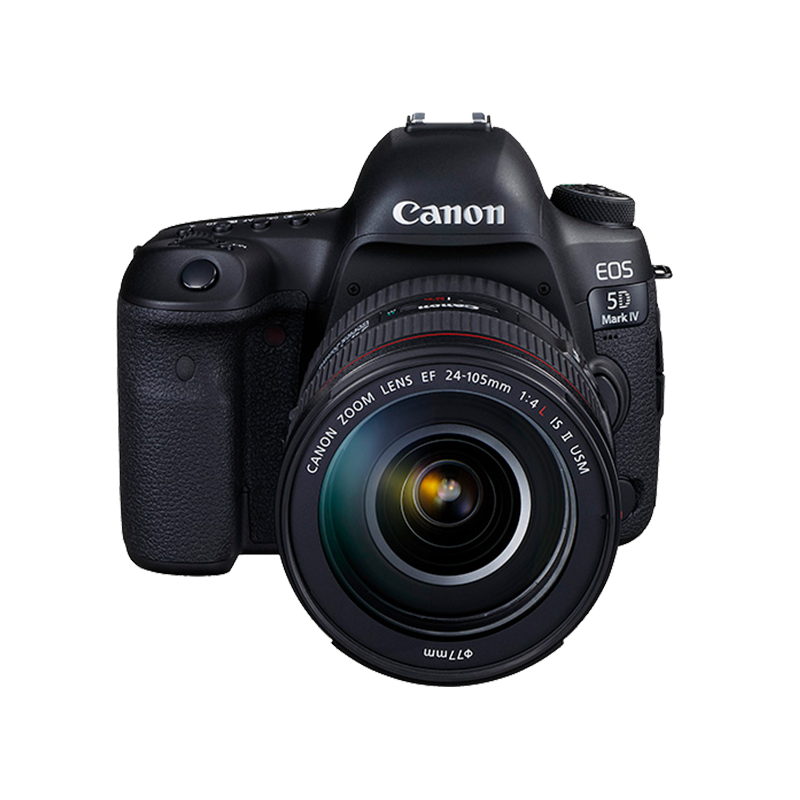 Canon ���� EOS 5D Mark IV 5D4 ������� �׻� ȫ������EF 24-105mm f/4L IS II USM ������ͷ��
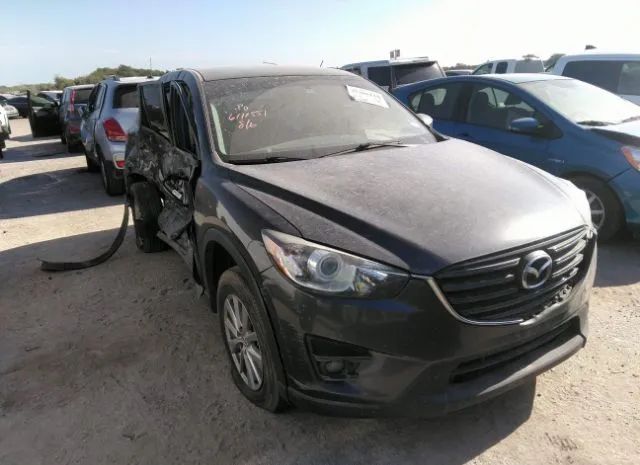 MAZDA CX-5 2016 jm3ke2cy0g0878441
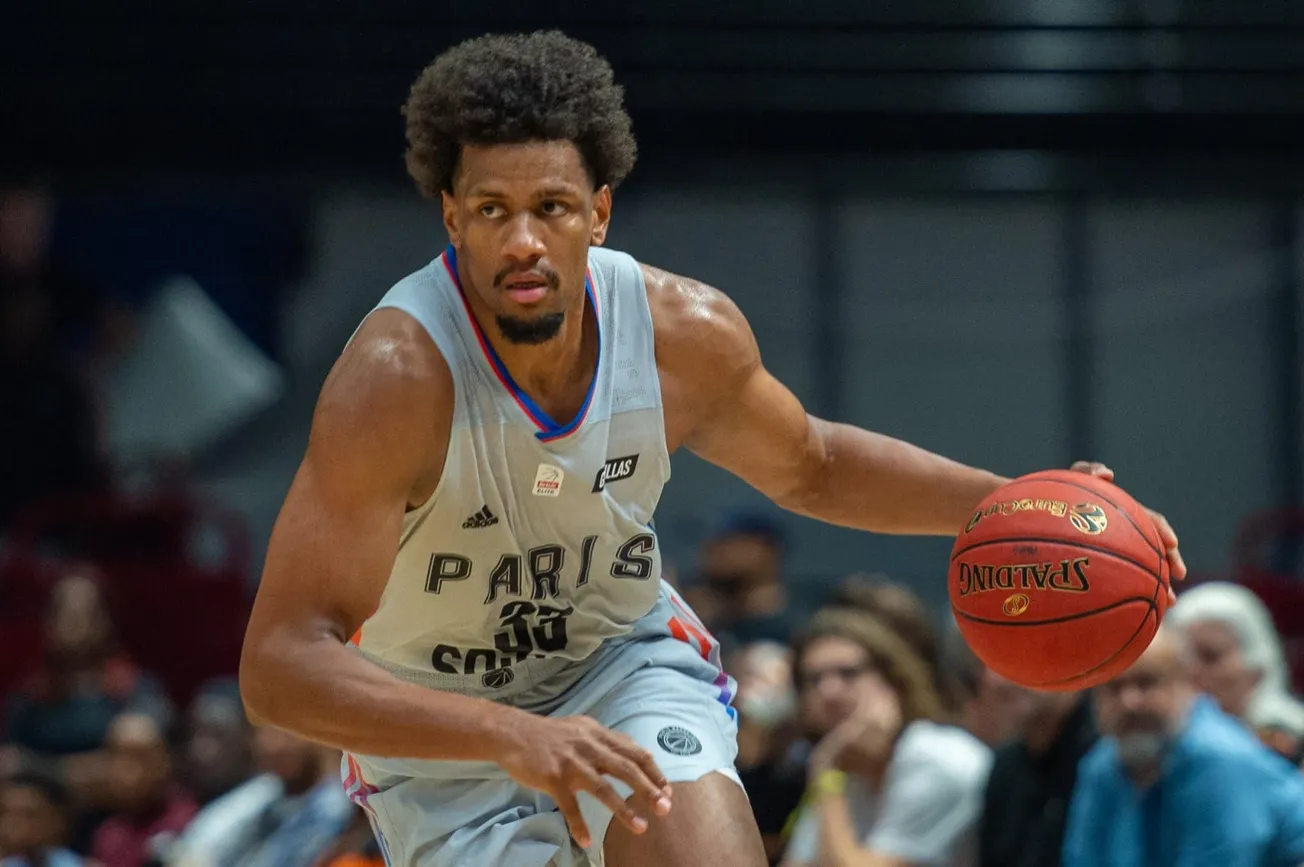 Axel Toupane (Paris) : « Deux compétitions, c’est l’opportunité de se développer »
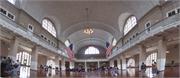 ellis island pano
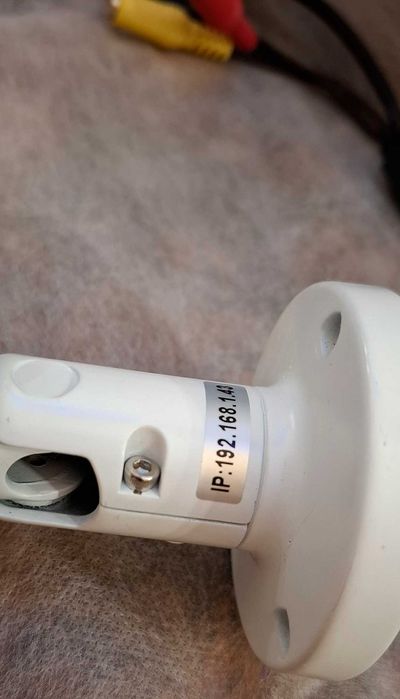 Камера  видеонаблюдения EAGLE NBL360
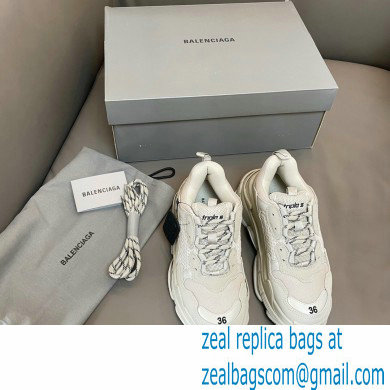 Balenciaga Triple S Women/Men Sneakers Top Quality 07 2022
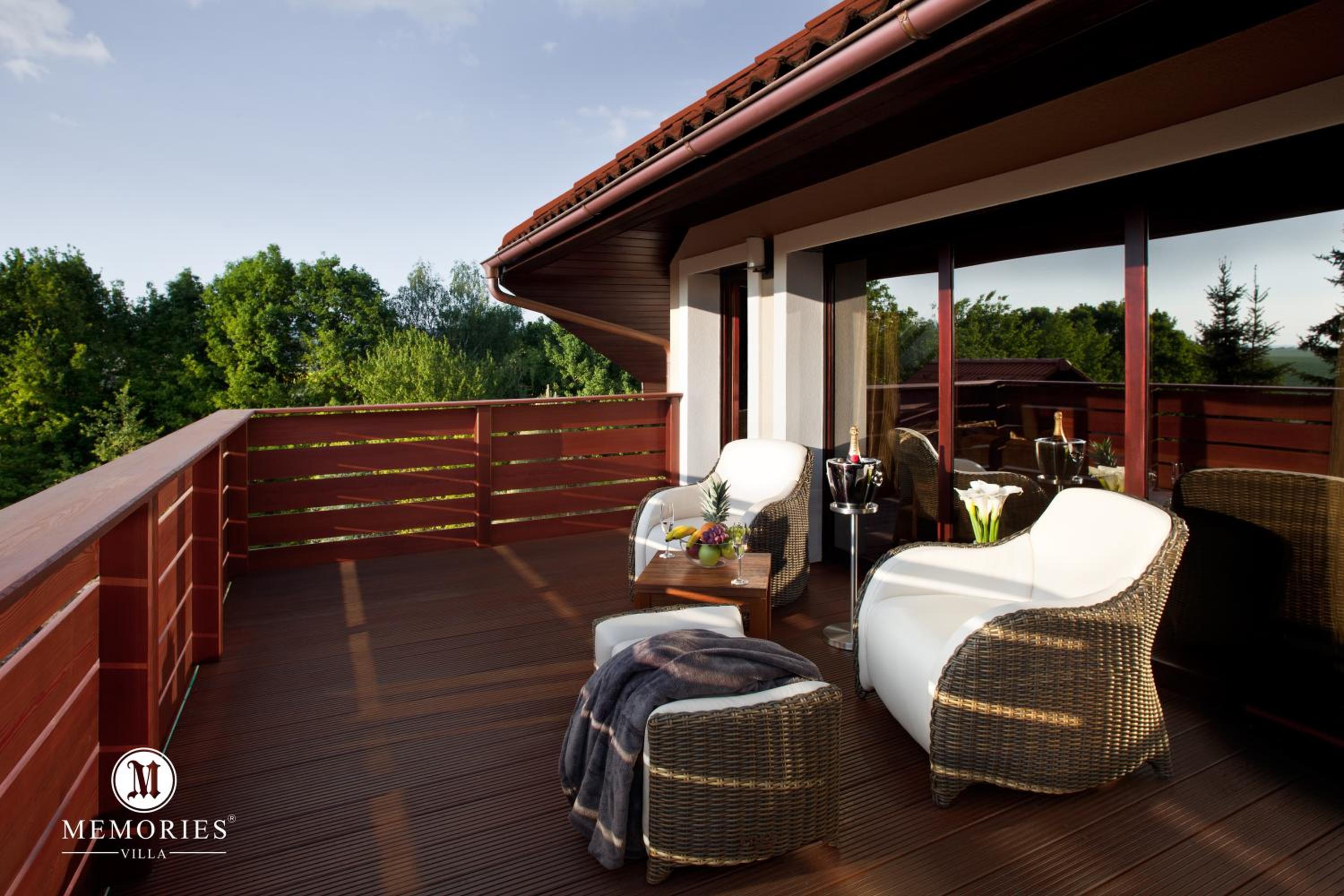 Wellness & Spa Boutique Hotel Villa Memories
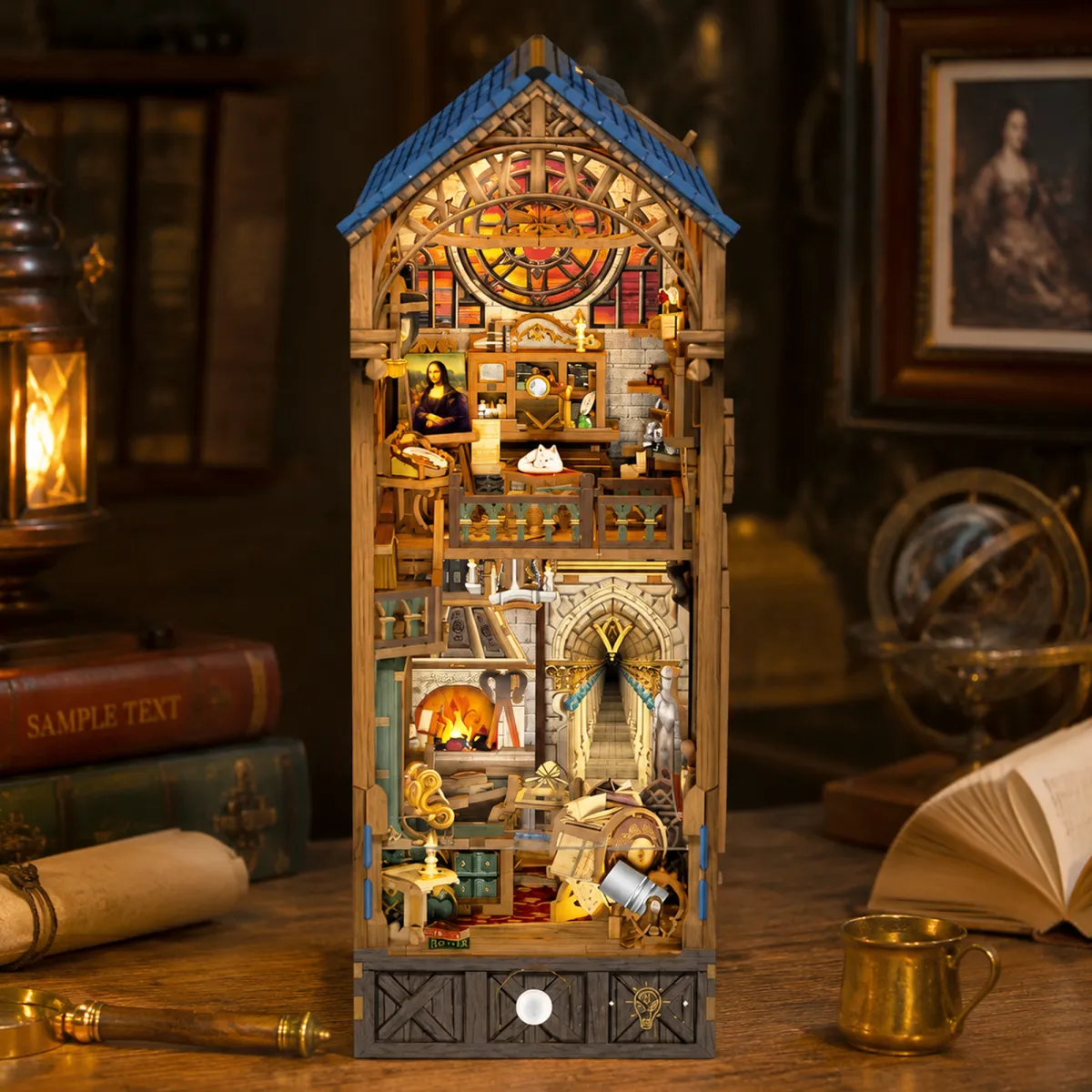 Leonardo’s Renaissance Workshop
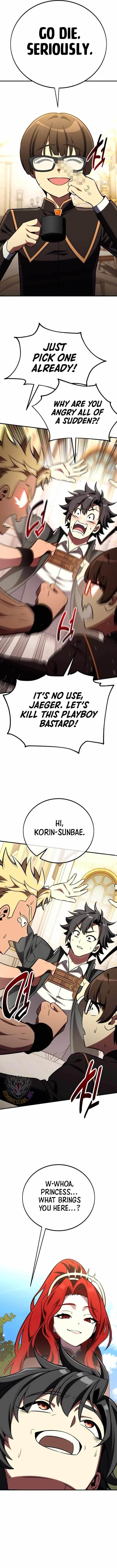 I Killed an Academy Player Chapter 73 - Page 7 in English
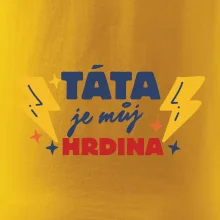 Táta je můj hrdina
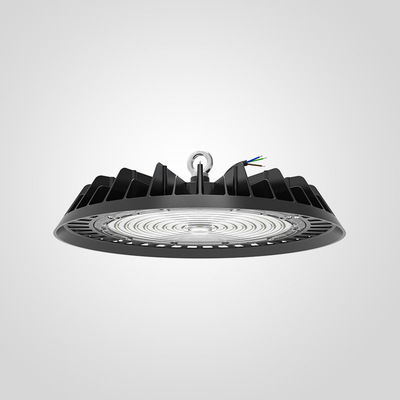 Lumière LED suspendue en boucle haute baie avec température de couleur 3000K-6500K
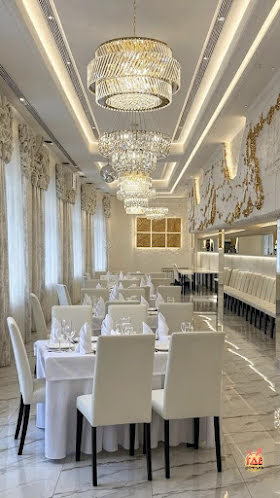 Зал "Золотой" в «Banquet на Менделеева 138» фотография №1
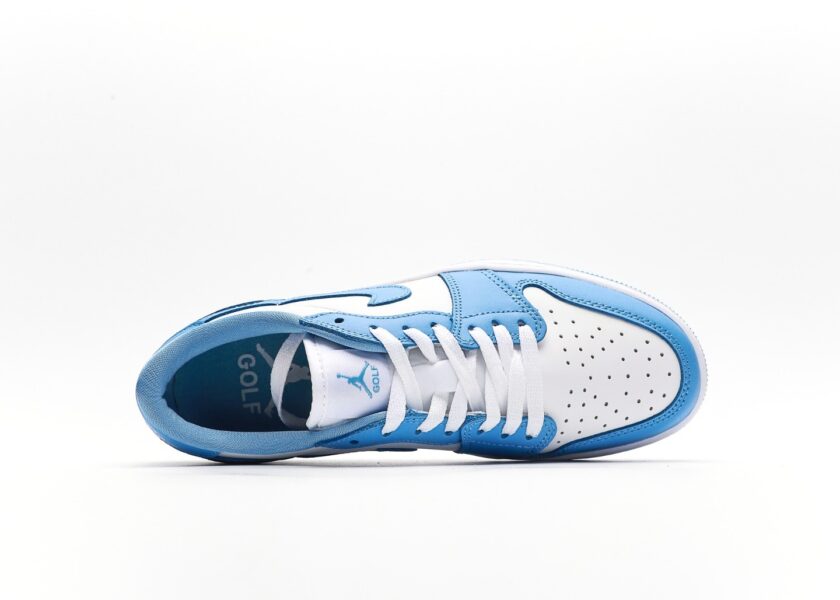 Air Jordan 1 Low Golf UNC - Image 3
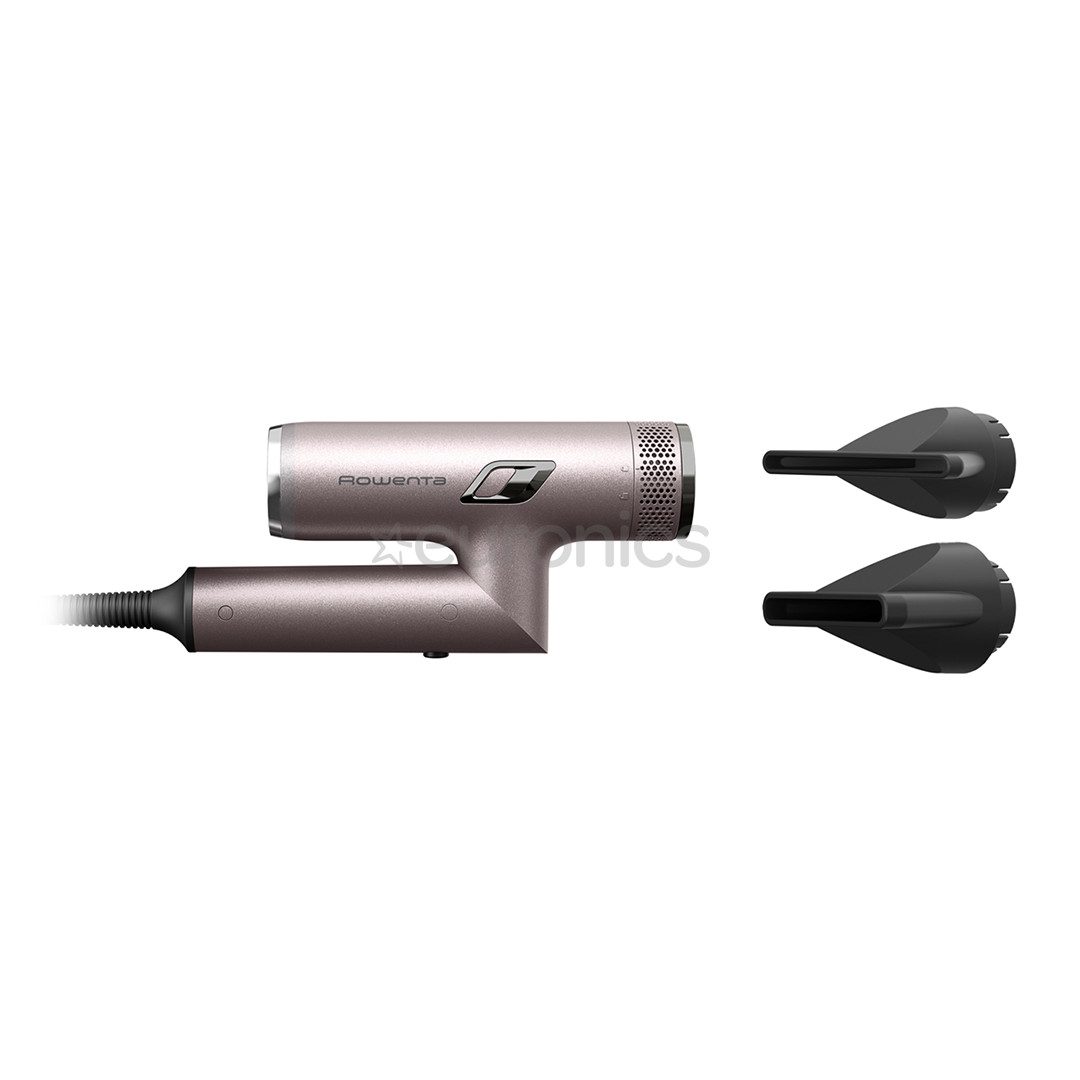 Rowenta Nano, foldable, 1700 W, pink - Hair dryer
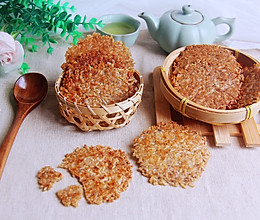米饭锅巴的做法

— What you should do —
Make an exact copy of the records above, one that has none of the pictures.

— Result of the exercise —
 Canon ���� EOS 5D Mark IV 5D4 ������� �׻� ȫ������EF 24-105mm f/4L IS II USM ������ͷ��
 MAZDA CX-5 2016 jm3ke2cy0g0878441
 Axel Toupane (Paris) : « Deux compétitions, c’est l’opportunité de se développer »
 ellis island pano
 Камера  видеонаблюдения EAGLE NBL360
 Balenciaga Triple S Women/Men Sneakers Top Quality 07 2022
 Wellness & Spa Boutique Hotel Villa Memories
 Leonardo’s Renaissance Workshop
 I Killed an Academy Player Chapter 73 - Page 7 in English
 Táta je můj hrdina
 Lumière LED suspendue en boucle haute baie avec température de couleur 3000K-6500K
 Зал "Золотой" в «Banquet на Менделеева 138» фотография №1
 Air Jordan 1 Low Golf UNC - Image 3
 Rowenta Nano, foldable, 1700 W, pink - Hair dryer
米饭锅巴的做法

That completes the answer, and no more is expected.